EXERCISE OBJECTIVE – Look for the line with "Wall Hanging Simple" in the data below, then reproduce word for word that line and every line after it. Leave out all pictures and add nothing.
|---|
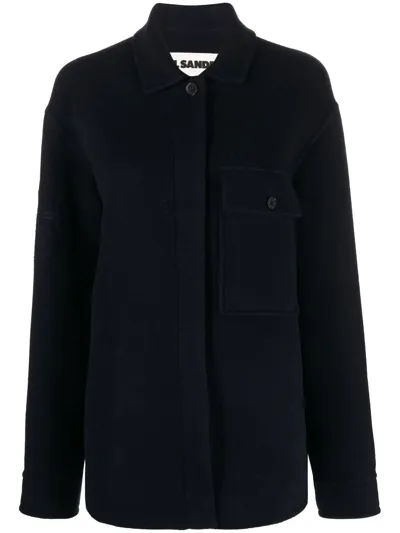 Jil Sander Flocked-monogram Wool Jacket In Blue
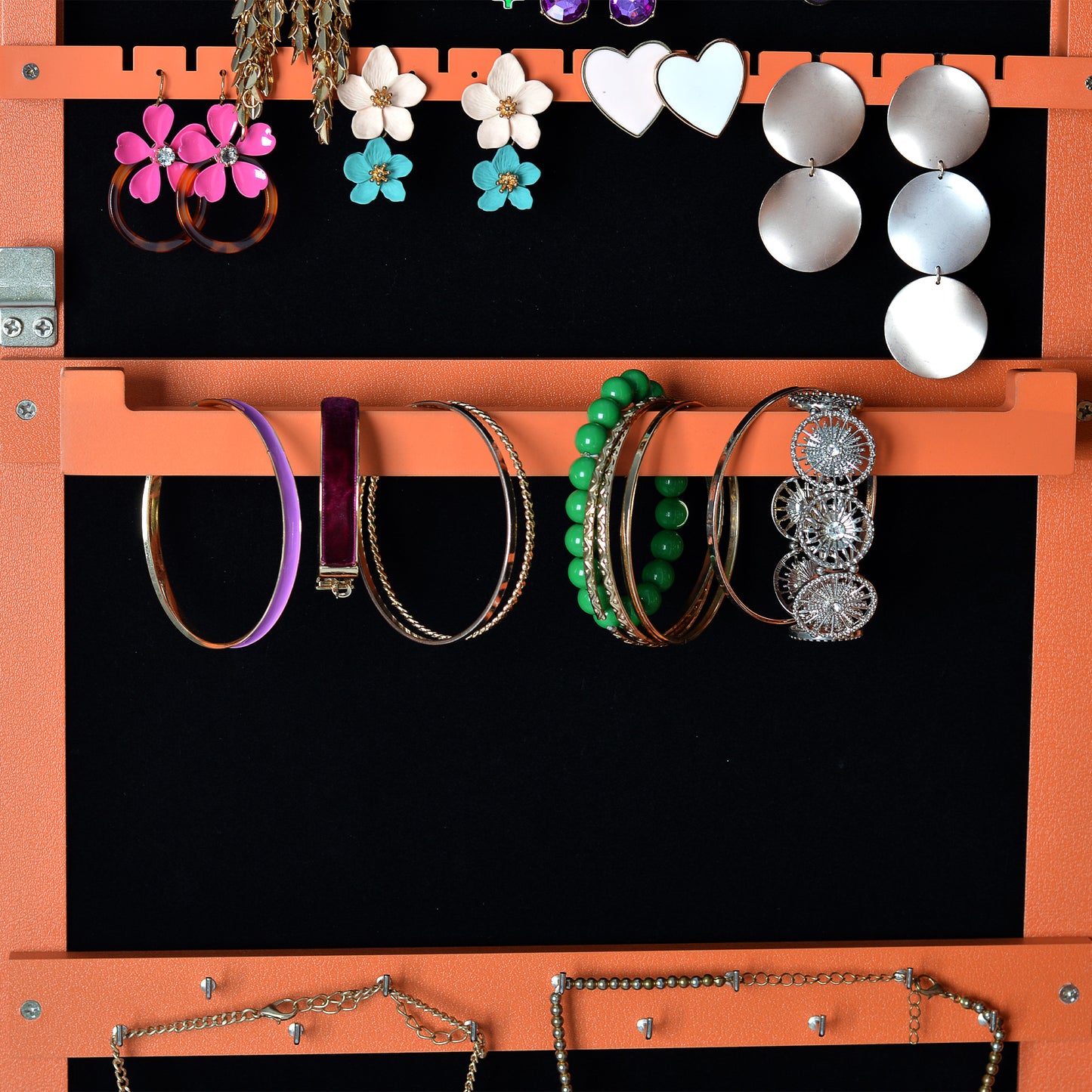 Wall Hanging Simple Jewelry Storage Mirror Cabinet With LED Lights- Orange_9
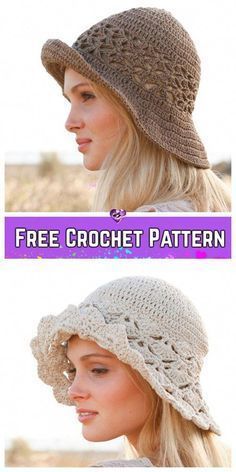 two pictures of a woman wearing a crochet hat with the words free crochet pattern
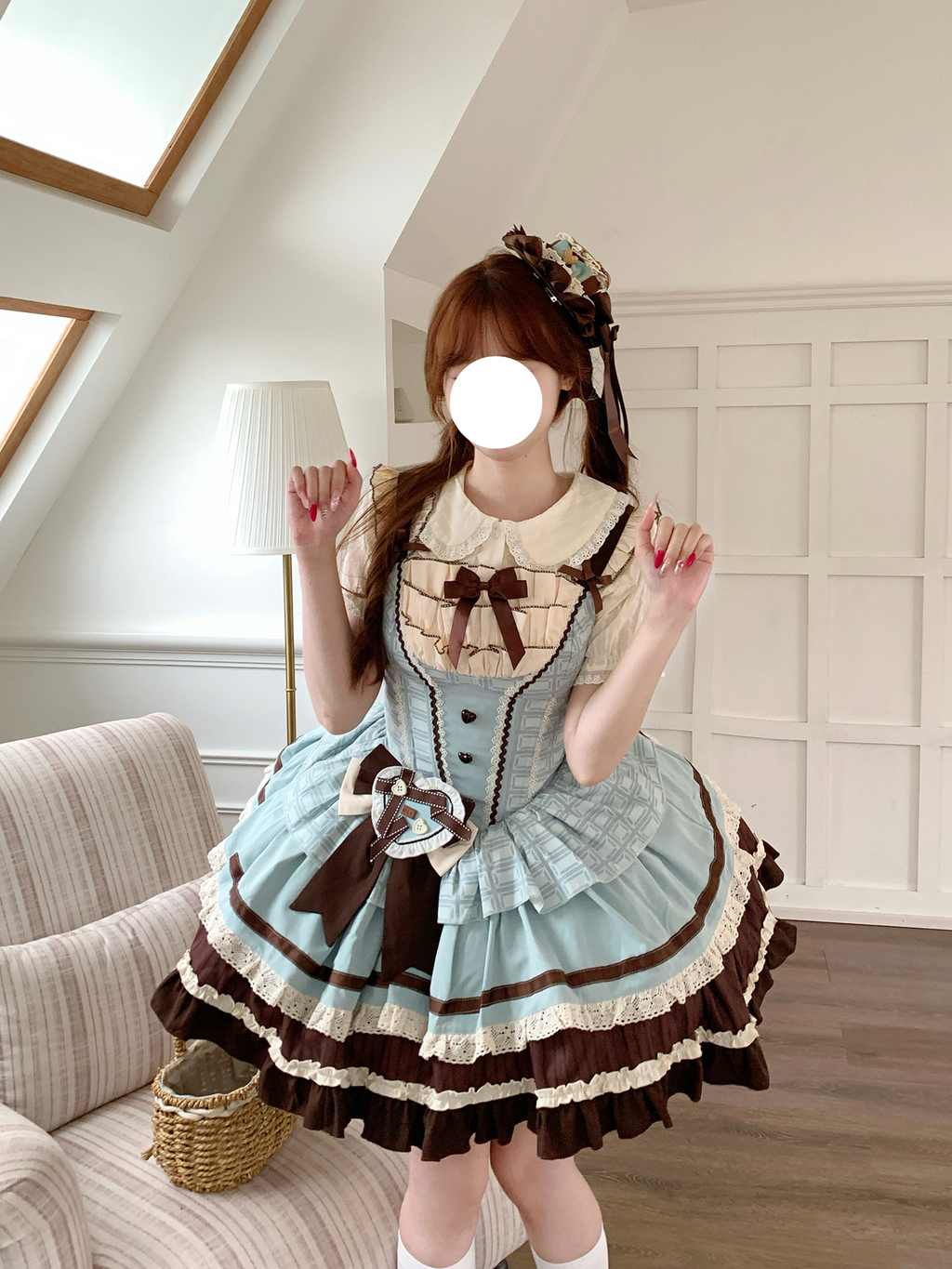 Sweet Lolita Mint Chocolate JSK Set Plus Size with Short Long Sleeve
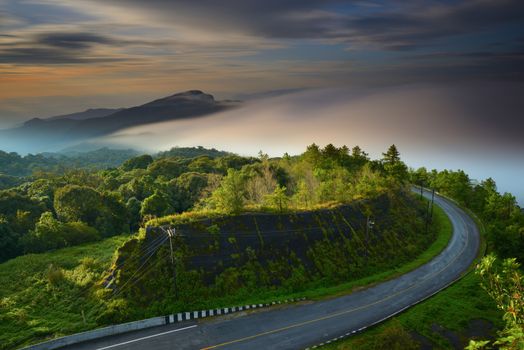 Sunrise at Doi Intanon National Park VIew point, Chiang Mai Thailand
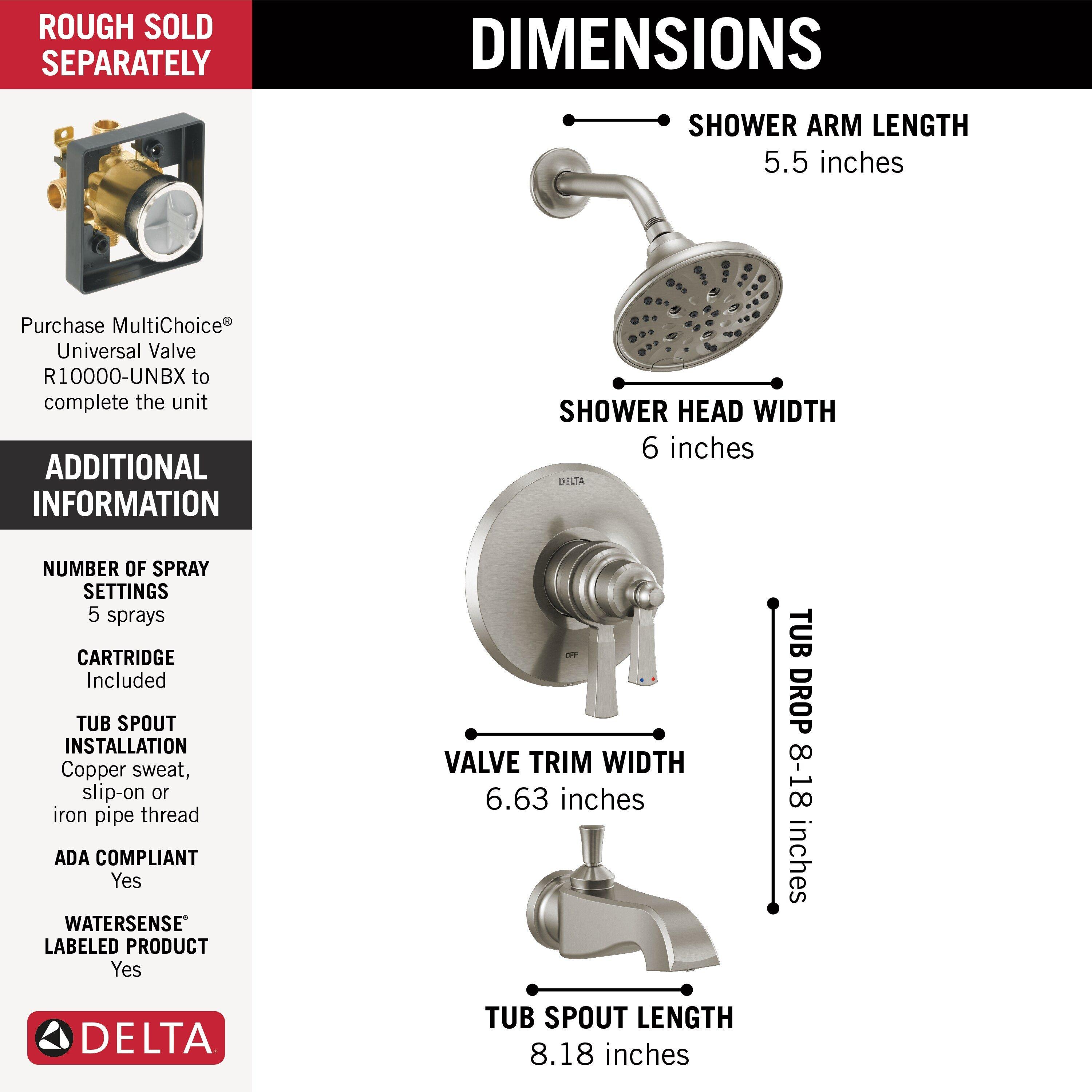 Delta Faucet Stainless Two Handle Multi Bathtub & Shower Faucet (Trim Only) 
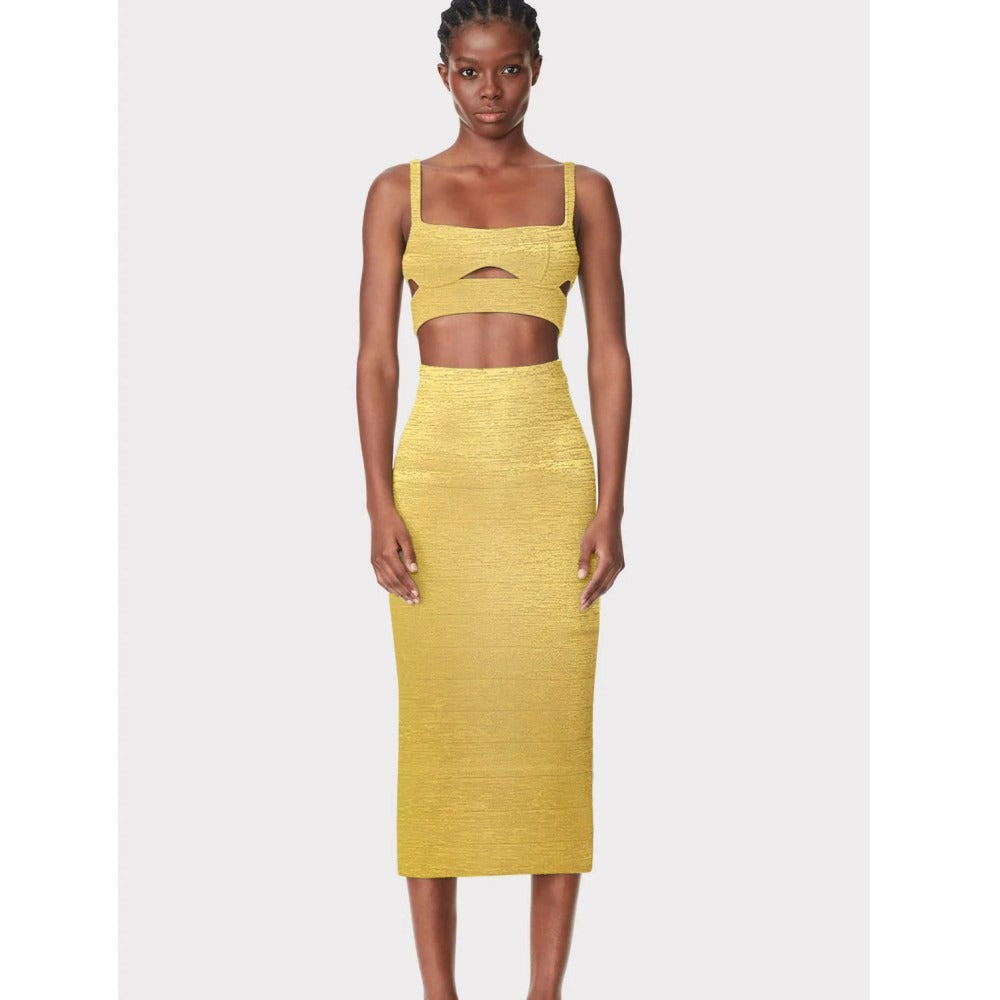 Sparkling Gold Slim Fitting Top & Skirt  Two-piece Set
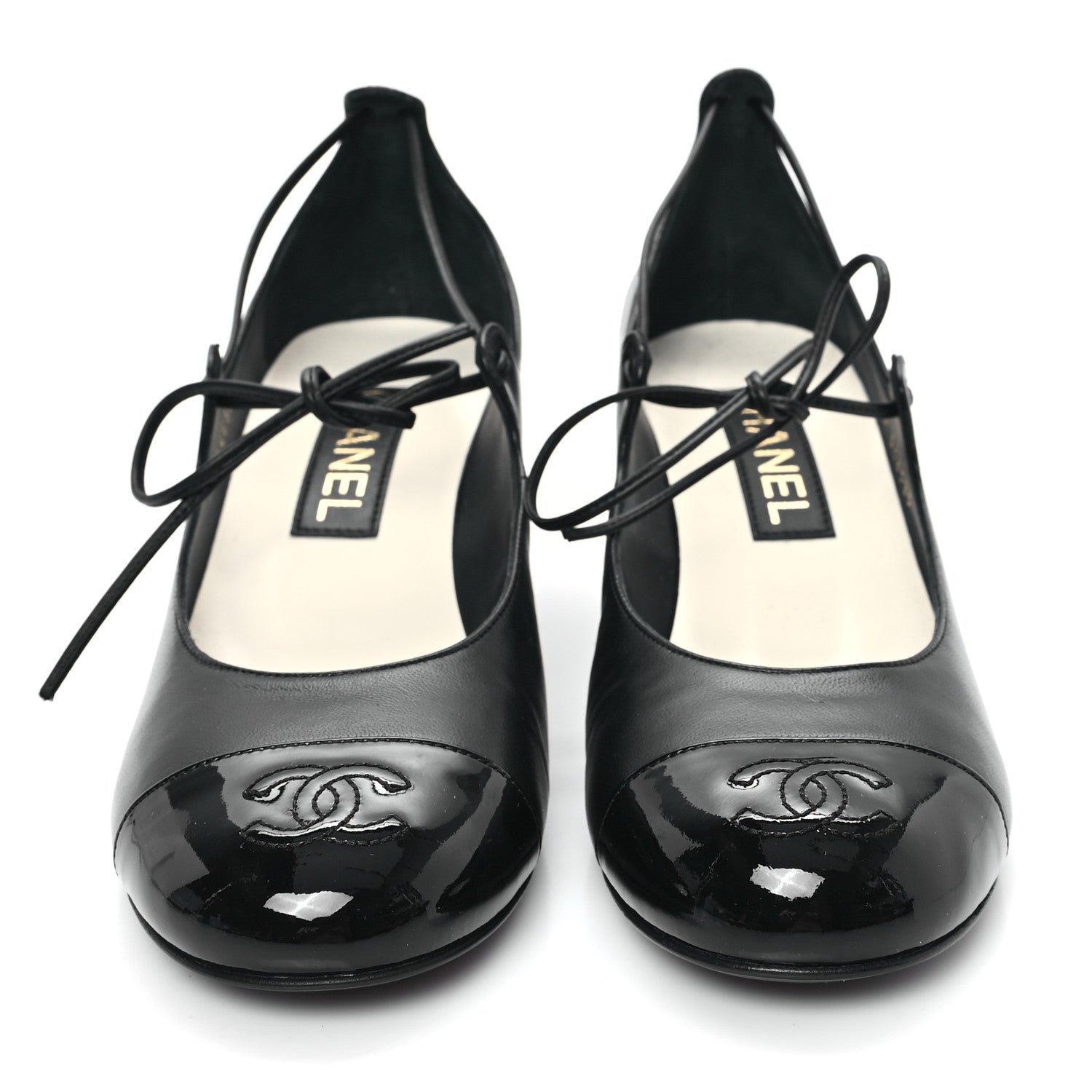 Chanel Lambskin Patent Cap Toe CC Mary Jane Pumps 39 Black 3 of 10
|---|
TASK RESULT –
 Wall Hanging Simple Jewelry Storage Mirror Cabinet With LED Lights- Orange_9
 two pictures of a woman wearing a crochet hat with the words free crochet pattern
 Sweet Lolita Mint Chocolate JSK Set Plus Size with Short Long Sleeve
 Sunrise at Doi Intanon National Park VIew point, Chiang Mai Thailand
 Delta Faucet Stainless Two Handle Multi Bathtub & Shower Faucet (Trim Only) 
 Sparkling Gold Slim Fitting Top & Skirt  Two-piece Set
 Chanel Lambskin Patent Cap Toe CC Mary Jane Pumps 39 Black 3 of 10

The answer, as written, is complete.